ALL criticism is good; be it constructive or not. Are you the person that it seems like everyone comes to you for advice and encouragement? Do you take the same advice that you give or do you just “try”? No one tries. They either do or they don’t. It is easy to go around passing judgment on others or telling others how to run their lives, but if you are not living what you say, then you have no credibility. A wise person said that “Pride cometh before the fall”. Are you too proud to take criticism? Are you too proud to say “I’m sorry” or “I was wrong” or most importantly “I am thankful for you”? Here is a thought… if you did not want their opinion or advice, why did you tell them your situation in the first place?...could it be that you knew that they were going to tell you the truth whether you like it or not?

4. What is your relationship with God?
God fills all emptiness. We find so often that if your relationship with God is off, everything in your life will be off. Do you have a poverty mindset? Are you always physically and spiritually broke? It was a very sobering fact to know that some homeless people gross over $35K per year begging, but partially because of a poverty mindset, they stay broke. Some of the wealthiest people in the world have gone bankrupt multiple times and made it rich again. How much has been poured into your life that you handled with a beggars mentality? Learn who you are and who’s you are.

5. Who is it about?
It is interesting that some of the most giving people that I know are only giving to make themselves feel good. It does help those on the receiving end, just not the giver. Does everything have to be about you? How did your friend’s new purchase of a house or a car or their new promotion become about you? Do you find yourself trying to find validation for who you are through your degrees? Do you have to keep pointing out that you have a PhD or that you hold a certain position or that you sit on certain boards? Your job? Do you need praise and validation on a constant basis are you “high maintenance”? Your friends/associates? Are you always dropping names? Your relationships? Do most of your beliefs follow the person that you are with? Are you quoting them like they are Confucius? Do you lose yourself in your relationships? It could be that because you do not know who you are as a person, you have a constant need to validate yourself by what you think others will find appealing.

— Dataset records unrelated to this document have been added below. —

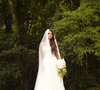A renda delicada dominou o vestido de Isabella Arantes, que apostou em uma produção clássica e sofisticada para o casamento com Gabriel Medina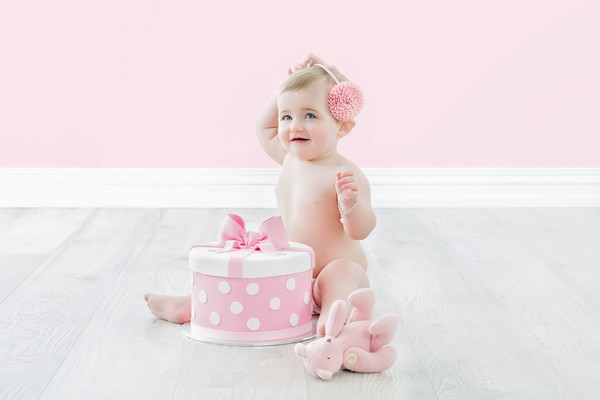 North shore baby photographer Milk photography studio captures Lilly at 1 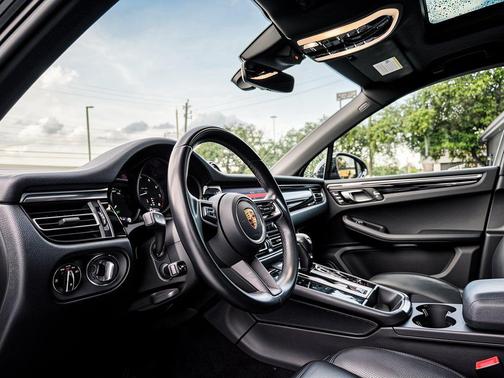Jet Black Metallic 2024 Porsche Macan Macan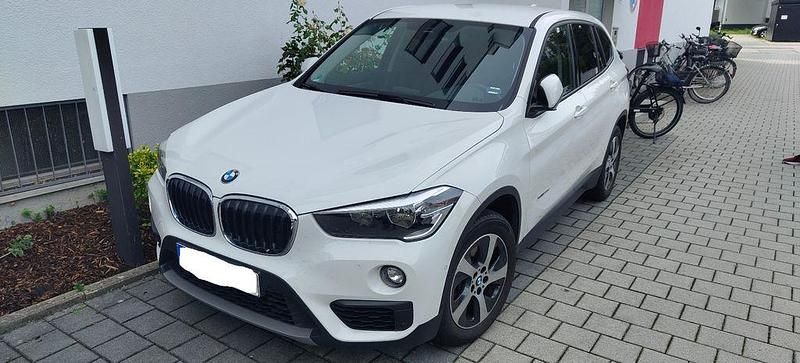 Weiß Gebraucht 2017 BMW X1 Performance SUV | 16.200 € (Fairer Preis) - Bild 1/4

So….what’s the point in all of this? The point is that if you find yourself in a cycle or pattern of relationships or events and you do nothing to change any of the factors, the pattern continues. The one variable that you can change in any situation that you are in is you. You can not make someone love you or appreciate you. You can not mold yourself into what others want you to be…everyone wants something different. The time is now to put on Stetson and “Cowboy or Cowgirl up” and take responsibility for your part in the situation. Take care of those around you that don’t tell you what you want to hear but what you need to hear. Don’t get an attitude because someone that truly loves you hurts your feelings…they were probably telling you the hurtful truth now so that you will have to experience an even bigger hurt later. Don’t get mad at God for giving you what you asked. If you ask God to remove bad people out of your life and He does…thank Him. If you ask God to show you the TRUE person that they are and they turn out to be ugly on the inside…Praise Him. Thank God for the people that He chose for you…He has better judgment. Why be a benchwarmer when you are a Star?

Just some Food for the Soul…eat well.